The required answer is an exact copy of the records below, without pictures.

## [DATA SUPPLIED]
################

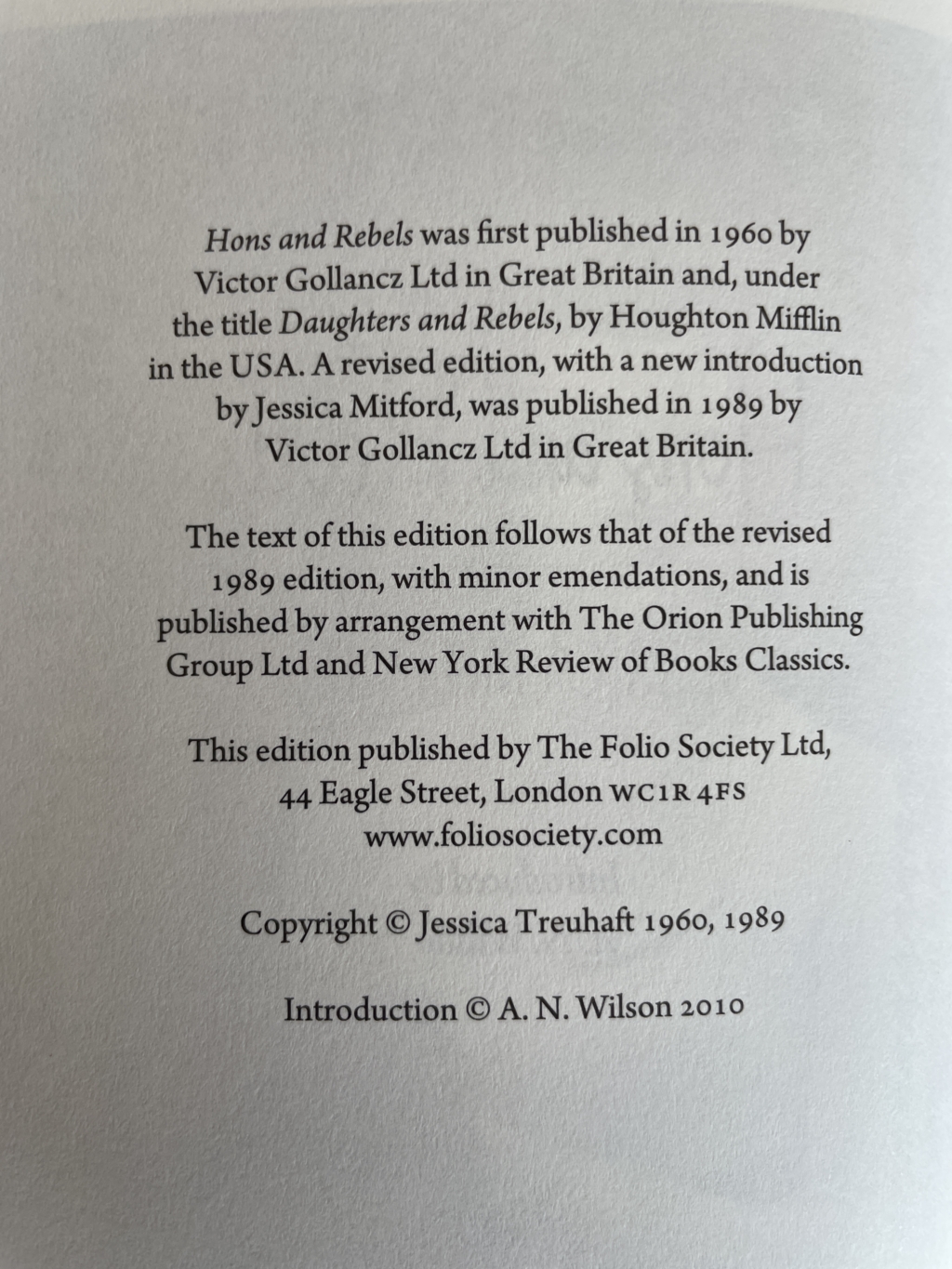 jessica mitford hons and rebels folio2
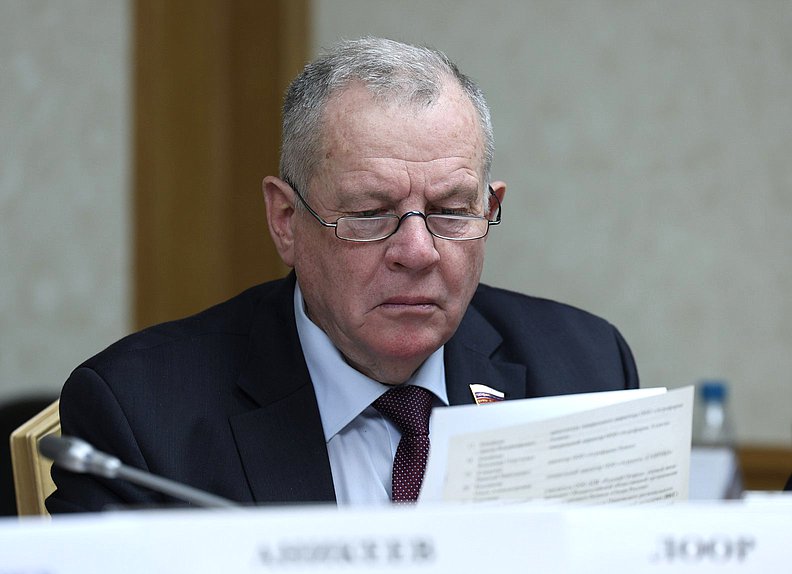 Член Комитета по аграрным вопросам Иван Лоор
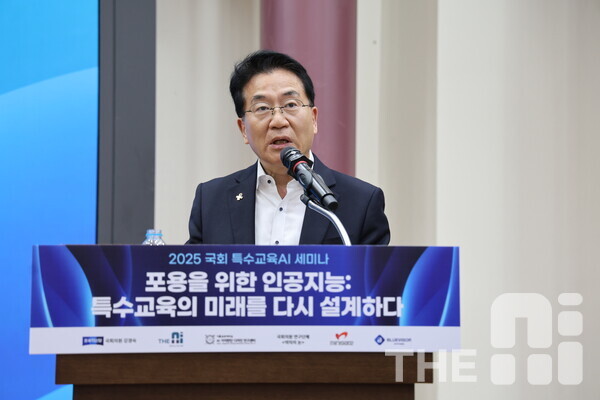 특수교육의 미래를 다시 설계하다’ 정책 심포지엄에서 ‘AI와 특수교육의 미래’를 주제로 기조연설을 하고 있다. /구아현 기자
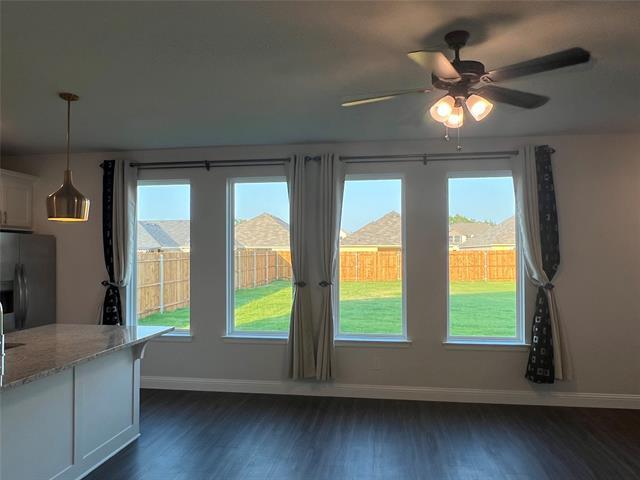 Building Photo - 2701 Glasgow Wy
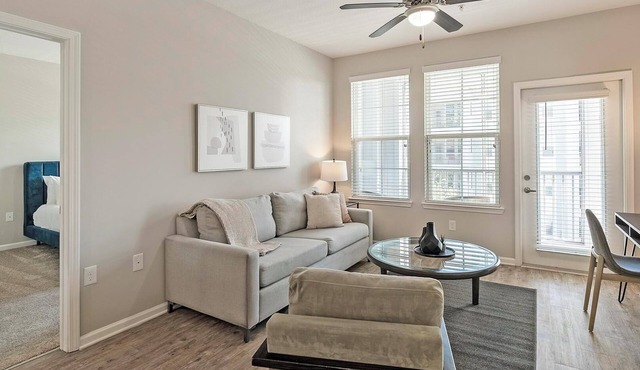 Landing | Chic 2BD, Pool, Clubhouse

################

## [ANSWER FOR THE TASK]
 jessica mitford hons and rebels folio2
 Член Комитета по аграрным вопросам Иван Лоор
 특수교육의 미래를 다시 설계하다’ 정책 심포지엄에서 ‘AI와 특수교육의 미래’를 주제로 기조연설을 하고 있다. /구아현 기자
 Building Photo - 2701 Glasgow Wy
 Landing | Chic 2BD, Pool, Clubhouse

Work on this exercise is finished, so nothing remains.